Senators introduce bill to extend whistleblower protection
A bipartisan group of senators this week introduced a bill designed to expand the scope of protection for whistleblowers who bring to light violations of US securities and commodities law.
The bill would extend protection from retaliation to whistleblowers who opt to report wrongdoing internally before or instead of reporting directly to the SEC or Commodities Futures Trading Commission (CFTC). It would also speed up monetary awards to whistleblowers whose reports result in successful enforcement actions.
Senate finance committee chair Chuck Grassley, R-Iowa and senators Tammy Baldwin, D-Wisconsin, Joni Ernst, R-Iowa and Dick Durbin, D-Illinois introduced the Whistleblower Programs Improvement Act (WPIA).
The SEC and CFTC enforcement programs were created under the Dodd-Frank Act. For example, the legislation authorized the SEC to provide monetary awards to eligible individuals who come forward with high-quality original information that leads to an enforcement action in which more than $1 million in sanctions is ordered. An eligible whistleblower can collect a reward of between 10 percent and 30 percent of the money collected. The SEC has awarded a total of roughly $387 million to 66 individuals since issuing its first award in 2012.
Dodd-Frank also expanded protection for whistleblowers and broadened prohibition against retaliation. The SEC, for example, implemented rules that enabled the agency to take legal action against employers that retaliate against whistleblowers. Employers may not fire, demote, suspend, harass or discriminate against employees for reporting conduct they reasonably believed violated the federal securities laws.
But a US Supreme Court ruling last year held that an employee is protected by Dodd-Frank’s anti-retaliation provision only if he or she reports a suspected securities violation to the SEC – not if he or she only files a report within his/her company.
Most companies encourage or require employees to report concerns internally as part of their compliance program, often via a hotline. Industry professionals generally support such efforts as a means of enabling companies to address issues internally and potentially self-report to regulators, which can help lead to them receiving lighter or no penalties for any wrongdoing.
The sponsors of the WPIA argue that Congress should encourage internal disclosure as the best way for public companies to prevent fraud and protect investors. They are concerned that the Supreme Court ruling will have a chilling effect on internal reporting as more tipsters go directly to the SEC.
‘There’s no reason why those who want to report wrongdoing internally should face potential retaliation from the exact people they are reporting to,’ Grassley says in a statement. ‘Internal disclosures can be the fastest and most effective way for a company to remedy problems, prevent fraud and protect investors. Our bill will ensure that those who do the right thing and report violations will be protected.’
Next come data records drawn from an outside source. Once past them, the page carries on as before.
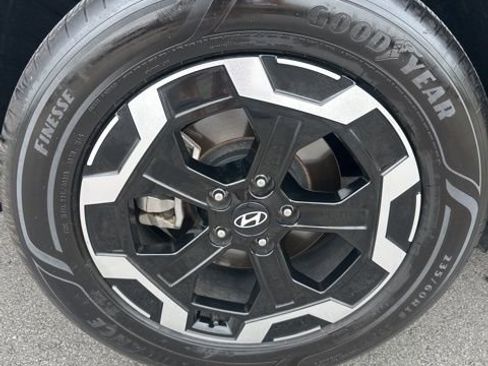 Used 2024 Hyundai Santa Fe SEL image 13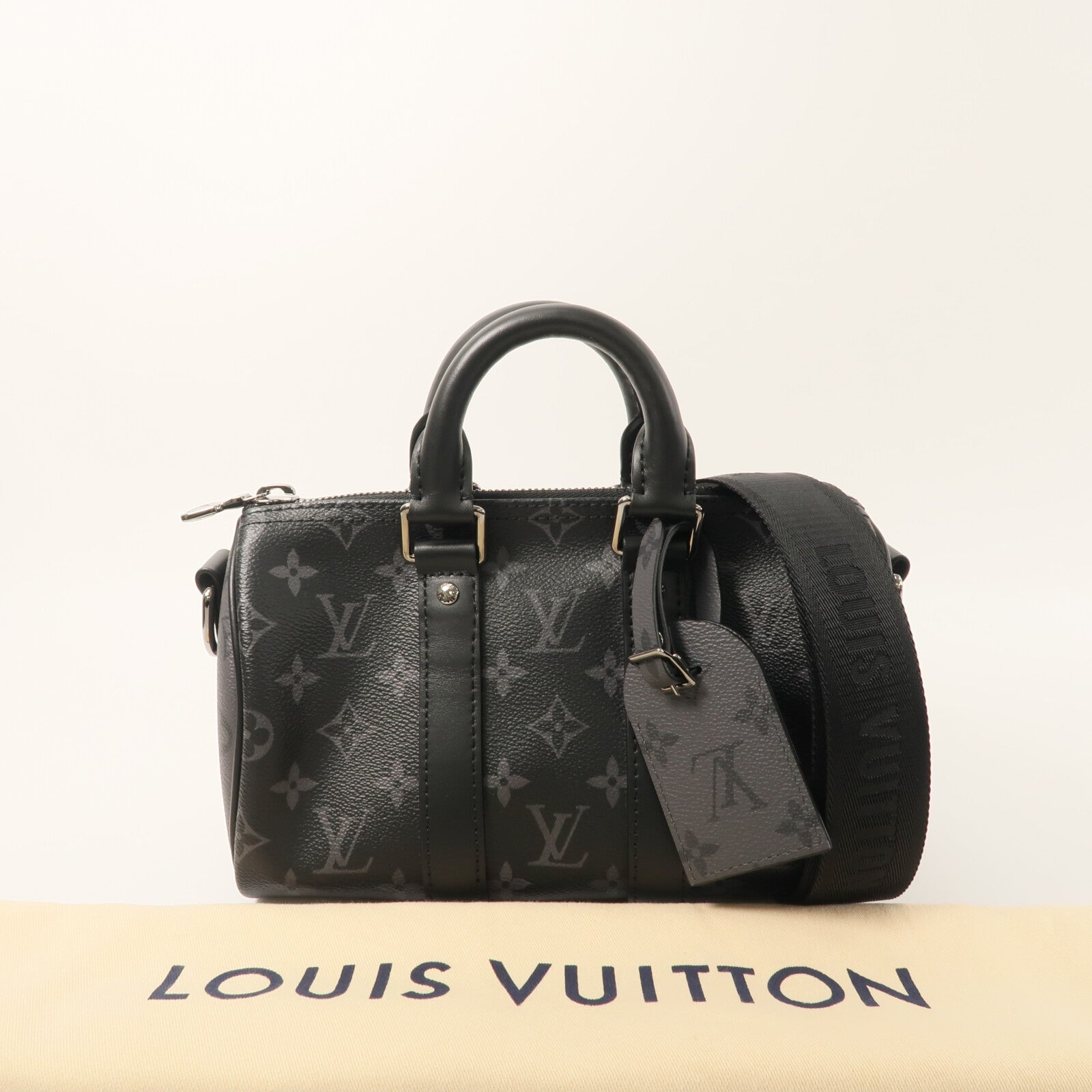 LOUIS VUITTON Monogram Eclipse Keepall Bandouliere 25手挽肩背兩用袋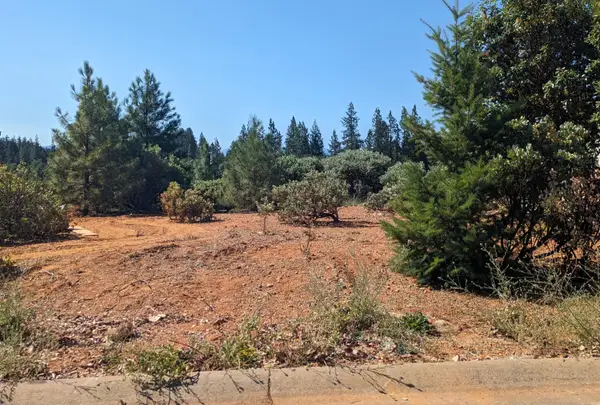 344 Cedar Ridge Drive, Cave Junction, OR 97523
Among other things, the legislation would:
- Protect whistleblowers who report information to a supervisor or other individual they believe can take corrective action
- Require the SEC and CFTC to issue an initial award determination within one year of the deadline to apply for an award
- Give the CFTC more flexibility to share whistleblower information with law enforcement authorities and use the consumer protection fund to educate stakeholders about its whistleblower program
- Harmonize dispute resolution procedures under the SEC whistleblower protection law with provisions within securities and commodities laws to ensure whistleblowers can pursue judicial remedies.
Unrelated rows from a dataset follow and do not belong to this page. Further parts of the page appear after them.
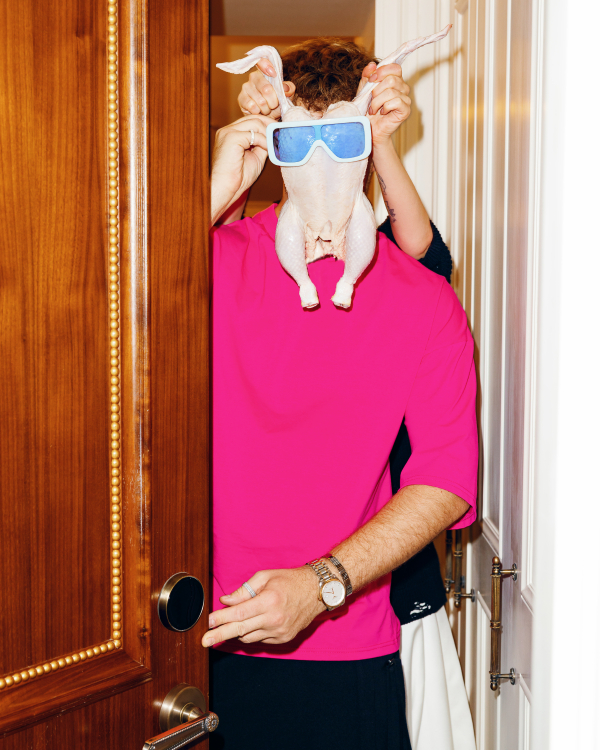 Ведущие Владислав Сапунов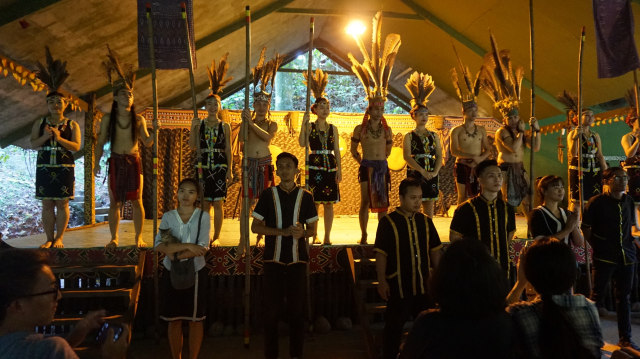 Serunya Berwisata Sambil Belajar Kebudayaan di Mari Mari Culture Village, Sabah (77060)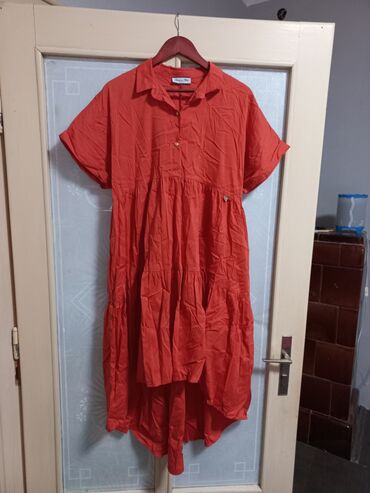 crvena haljina duzine cm: Crvena haljina kratkih rukava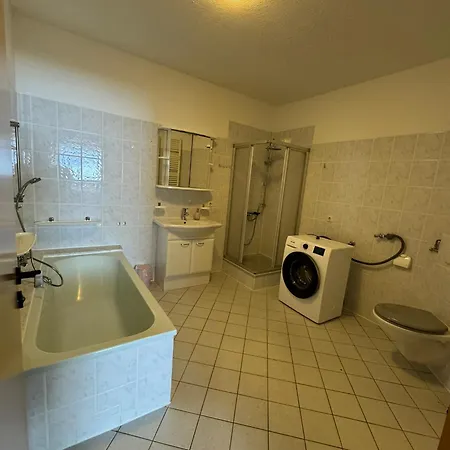 Apartment Monteurwohnungen - Hagemann Querfurter Str 4 *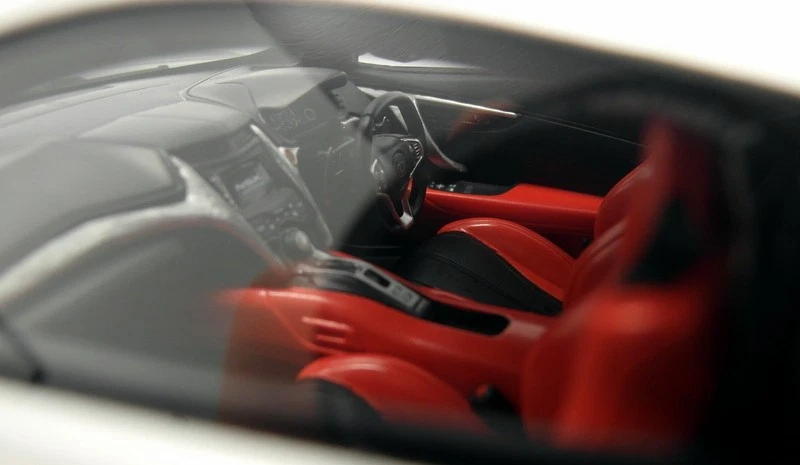 Kyosho 1/18 Scale Resin - KSR18023S Honda NSX Silver - Image 4 of 4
Stephen Kohn, partner with whistleblower law firm Kohn Kohn and Colapinto and chair of the board of the National Whistleblower Center, supports the bill. In a statement, he complains that long delays in issuing rewards are harming whistleblowers who may have to wait more than four years to obtain a reward, often living in poverty after being fired.
‘Most employees report securities violations to their employers before going to the SEC. This bill will ensure that employees who make internal reports have full protection against retaliation,’ he says. ‘The bill will fix a loophole in the current law that permits companies to fire whistleblowers who raise internal complaints but do not also directly report these violations to the SEC. This distinction undermines compliance efforts and has resulted in numerous firings.’
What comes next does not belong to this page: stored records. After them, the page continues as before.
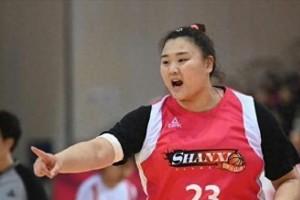 刘禹彤14分6篮板助山西女篮大胜石家庄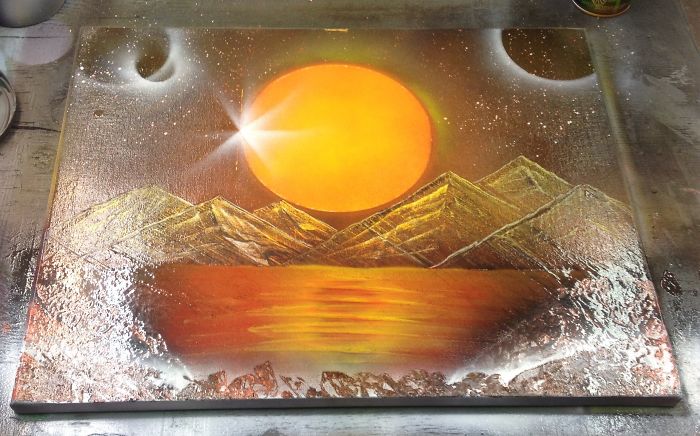 Colourful Addiction To Spray Art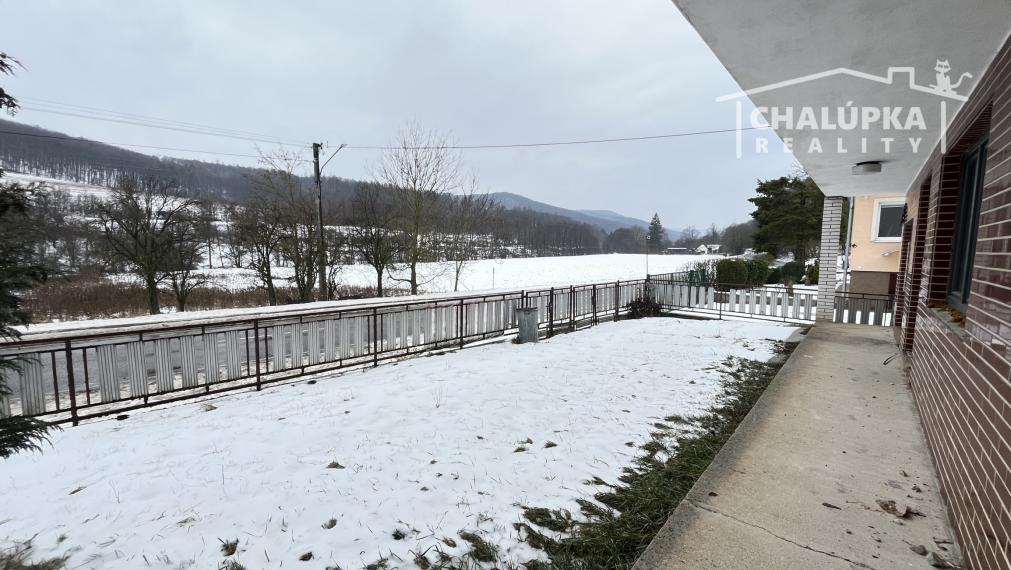 Veľký dom 7+1 s garážou a 1784 m2 pozemkom v Prašníku pri Piešťanoch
He adds that the bill would also fix another problem by ending mandatory arbitration in securities whistleblower cases. ‘Forcing whistleblowers to litigate their wrongful discharge cases in corporate-controlled mandatory arbitration proceedings is the kiss of death for most whistleblowers. Mandatory arbitration denies whistleblowers their day in court,’ he says.
Groups including the Government Accountability Project, Liberty Coalition, Project On Government Oversight and Taxpayers Protection Alliance have also written to the senators in support of the bill.